Avant tout achat, il faut pouvoir être en mesure de déterminer ce que l'on veut ou va acheter.
Pour cela, il faut opérer un double audit :
➡ Celui de l'actif social, qui doit permettre d'évaluer :
- l'actif : ce qui doit conduire à rechercher une valeur pour les postes d'actif (un par un) pour laquelle il faudra s'appuyer sur des experts comme l'avocat :
- notaires pour les biens immobiliers,
- fournisseurs pour les marchandises et le stock,
- professionnels du chiffre pour les commandes comptabilisées.
- et au-delà de la simple recherche d'une valeur pour les postes d'actif, il faut aussi pouvoir appréhender la valeur du passif, vérifier l'exhaustivité de celui figurant dans les comptes sociaux, l'exactitude des provisions déjà comptabilisées pour risques et charges. Là encore, c'est le rôle des experts.
➡ Et celui des titres en eux-mêmes : qui, à partir bien entendu de la valeur de l'actif net (actif social minoré des dettes), corrigé des inexactitudes ayant pu par exemple être relevées dans l'examen des comptes sociaux, des créances futures (même éventuelles qu'il faudra tenter de déterminer), peut conduire à prendre en compte, à la hausse ou à la baisse, une évolution probable ou possible du marché ou encore de la clientèle.
Tout cela doit être appréhendé avec beaucoup de prudence, eu égard aux nombreux facteurs d'incertitude et à la multitude des domaines à examiner (fiscal, social, juridique, financier).
Les contrats préalables à la cession
Avant de signer l'acte de cession, il est d'usage de signer un contrat "préparatoire" destiné à fixer par écrit les bases de la future cession à signer.

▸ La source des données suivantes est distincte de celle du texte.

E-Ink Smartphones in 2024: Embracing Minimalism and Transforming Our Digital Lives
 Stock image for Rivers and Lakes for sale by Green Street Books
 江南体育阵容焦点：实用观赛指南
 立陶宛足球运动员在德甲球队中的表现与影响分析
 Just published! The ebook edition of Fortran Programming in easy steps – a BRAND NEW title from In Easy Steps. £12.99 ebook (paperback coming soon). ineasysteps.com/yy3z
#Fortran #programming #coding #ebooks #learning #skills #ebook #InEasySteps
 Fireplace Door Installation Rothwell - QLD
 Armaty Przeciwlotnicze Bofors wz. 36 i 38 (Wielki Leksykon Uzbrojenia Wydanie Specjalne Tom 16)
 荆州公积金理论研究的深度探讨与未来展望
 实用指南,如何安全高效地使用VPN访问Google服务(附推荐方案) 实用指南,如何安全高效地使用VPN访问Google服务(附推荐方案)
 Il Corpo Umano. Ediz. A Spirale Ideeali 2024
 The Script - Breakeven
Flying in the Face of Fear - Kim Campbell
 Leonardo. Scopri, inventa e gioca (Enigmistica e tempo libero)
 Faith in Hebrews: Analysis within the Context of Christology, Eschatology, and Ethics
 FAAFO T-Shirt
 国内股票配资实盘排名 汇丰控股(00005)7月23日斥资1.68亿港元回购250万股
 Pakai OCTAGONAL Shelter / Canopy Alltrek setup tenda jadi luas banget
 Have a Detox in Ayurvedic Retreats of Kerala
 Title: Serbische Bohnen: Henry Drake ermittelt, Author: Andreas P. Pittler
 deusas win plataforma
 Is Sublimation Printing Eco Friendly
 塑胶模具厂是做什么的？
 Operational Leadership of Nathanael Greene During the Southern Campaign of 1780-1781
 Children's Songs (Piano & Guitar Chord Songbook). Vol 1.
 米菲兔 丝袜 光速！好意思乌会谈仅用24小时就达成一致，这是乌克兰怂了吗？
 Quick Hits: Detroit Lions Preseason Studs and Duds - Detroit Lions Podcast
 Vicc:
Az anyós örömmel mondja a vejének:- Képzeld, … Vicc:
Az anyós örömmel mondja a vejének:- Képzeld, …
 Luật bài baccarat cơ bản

A ce stade, le prix doit être déterminé ou être déterminable d'un commun accord sur la méthode de calcul, c'est à dire fixé par l'une des parties et accepté par l'autre. On peut imaginer que le cessionnaire accepte le prix demandé par le cédant, ou encore que le cédant accepte le prix proposé par le cessionnaire : c'est l'accord des parties. Ce prix est soit déterminé, soit déterminable, c'est-à-dire que les parties se sont accordées sur la méthode de calcul.
✅ Les parties échangent d'abord une lettre d'intention, qui émane généralement du vendeur ou de l'acquéreur, engagement unilatéral assimilable tantôt à un engagement d'honneur, tantôt à un accord préparatoire. Cette lettre est souvent contresignée par la partie qui n'en est pas l'auteur, pour lui donner un caractère bilatéral, d'autant plus importants qu'y sont généralement contenus différents engagements en sa faveur (exclusivité, remise de documents et d'information, confidentialité) qu'il est prudent d'accepter. La rédaction des lettres d'intention comme son acceptation est un acte délicat et il est préférable de se faire assister.
Les lettres d'intention ne sont nullement constitutives d'un quelconque engagement de faire ; rien donc ne permettra à son auteur de poursuivre l'autre partie en exécution forcée. Tout au plus lui sera-t-il possible de demander, par voie judiciaire, des dommages-intérêts pour rupture abusive de pourparlers.
✅ Puis les parties concluront une promesse de cession que l'on dénomme également dans le cas d'une cession de titres protocole d'accord ou Share Purchase Agrement.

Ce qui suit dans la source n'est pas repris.